The most fun thing about the business of beer, wine and spirits may simply be drinking it. But someone (or some company) makes the stuff, and you know they are not doing it on a nonprofit basis. Many investors have done very well investing in and around the global alcohol business. The most popular choice among these businesses ebbs and flows by the day. That being said, the alcohol business seems to do just fine in good times and in bad times.
24/7 Wall St. wanted to review the major beer, wine and spirits makers to see where new and possible investors in this sector should look now. While much of our emphasis is on valuation against what the analysts think, there is actually a lot more to the puzzle here. Some of these companies might be stocks to avoid, even if their products are great. The consensus earnings estimates and analyst price targets are provided by Thomson Reuters.

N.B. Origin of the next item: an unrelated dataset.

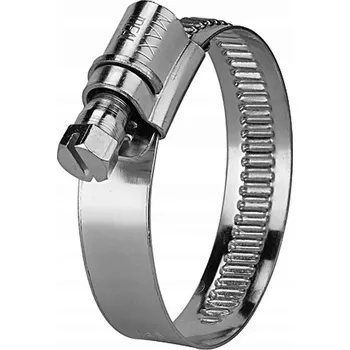 IP kamera Lanová svorka s objímkou Marinetech 35-50mm 35 mm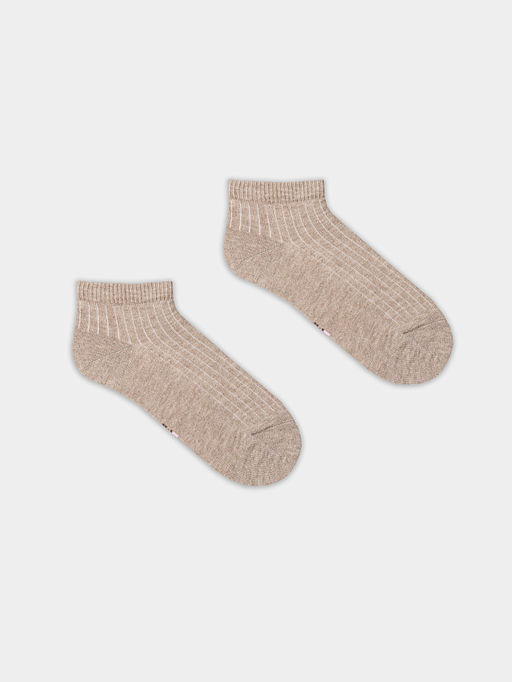 Цена за 5 пар! Теплые НОСКИ ЖЕНСКИЕ - Mark formelle фото 6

Anheuser-Busch InBev S.A./N.V. (NYSE: BUD) still has plenty of value left for investors, it appears. While it is trading at $99.50, “Bud’s” consensus price target is $113.15. One analyst even expects its shares to rise up to $124 in the coming year. The implied upside is about 14% on the consensus reading, plus you get close to a 2% dividend. The stock trades at close to 20 times 2013 earnings and close to 18 times 2014 earnings. Even with this much upside, the stock is looking close to all-time post-merger highs.
Beam Inc. (NYSE: BEAM) also is exhibiting some upside potential. At $65.44, its 52-week high is $69.78, and its consensus price target of $70.75 implies upside of about 8%. Where Beam gets pricey is at 25 times 2013 expected earnings and about 22 times expected 2014 earnings. Then there is only a 1.4% dividend yield.
Boston Beer Co. Inc. (NYSE: SAM) has been an amazement, rallying more than 100% from its stock’s low of the past year. Even after making its founder a billionaire on paper, this one is actually overpriced, if Wall Street gets to be in the investor taste test. With shares trading around $231, the Thomson Reuters consensus price target is down all the way at almost $200. This stock just never seems to go on sale. In fact, all four analysts have the stock’s price target listed under the current price. Sam Adams trades at about 43 times expected 2013 earnings, over twice a normal average in the sector.
Brown-Forman Corp. (NYSE: BF-B) is most comparable to Beam, yet its upside is marginally less. It is at $70.70, and the 52-week high is $74.29. The consensus price target of $74.44 implies upside of only about 5%. Its dividend is a bit watered down as well at a yield of 1.6%. The empire of wine, whiskey and other spirits seems to be a pricey one for the time being.
Constellation Brands Inc. (NYSE: STZ) just hit yet another new all-time high on Monday, and shares are currently around $59. Shares trade at about 21 times this year’s expected earnings and about 17 times next year’s expected earnings. Because it has risen so much, its consensus of $61.80 implies just under 5% upside. Its recent merger ambitions have kept capital tied up, so no dividend is paid. Constellation is at least into beer, wine and spirits.
Diageo PLC (NYSE: DEO) is another leader close to its all-time highs. At $128, its 52-week high is $131.98, and the consensus price target from analysts of $145 still implies upside of more than 13%. Then there is a dividend yield of about 2.8% to consider as well. At 18 times expected earnings, from a fairly small group of analysts, this one is not sounding too pricey on the surface. Johnnie Walker, Crown Royal, Jose Cuervo and Guinness are just some of its brands, with a wee bit of wine too.
Molson Coors Brewing Co. (NYSE: TAP) still has some upside to it if the analysts are correct. Shares were recently around $50.00, versus a $54 consensus price target and a 52-week high of $53.75. One analyst even has a $61 price target, but the upside is closer to 8% at the moment, and investors get a 2.6% dividend yield. The stock price of the parent of Coors is still about $8 or so shy of its pre-recession all-time highs. This one sounds cheaper at about 12.5 times expected 2013 earnings, but analysts are not giving it the upside anticipation.
Anheuser-Busch InBev S.A./N.V. (NYSE: BUD) is currently the upside king of beers and alcohol for investors by our measurement. It is still trying to grow acquisitively, it has about 14% of implied upside, it is not quite at a 52-week high and it pays close to a 2% dividend yield. Now the company has to figure out how to properly fight the continued trends toward craft beers and heated competition from the wine and spirits market. It even has football season working for it.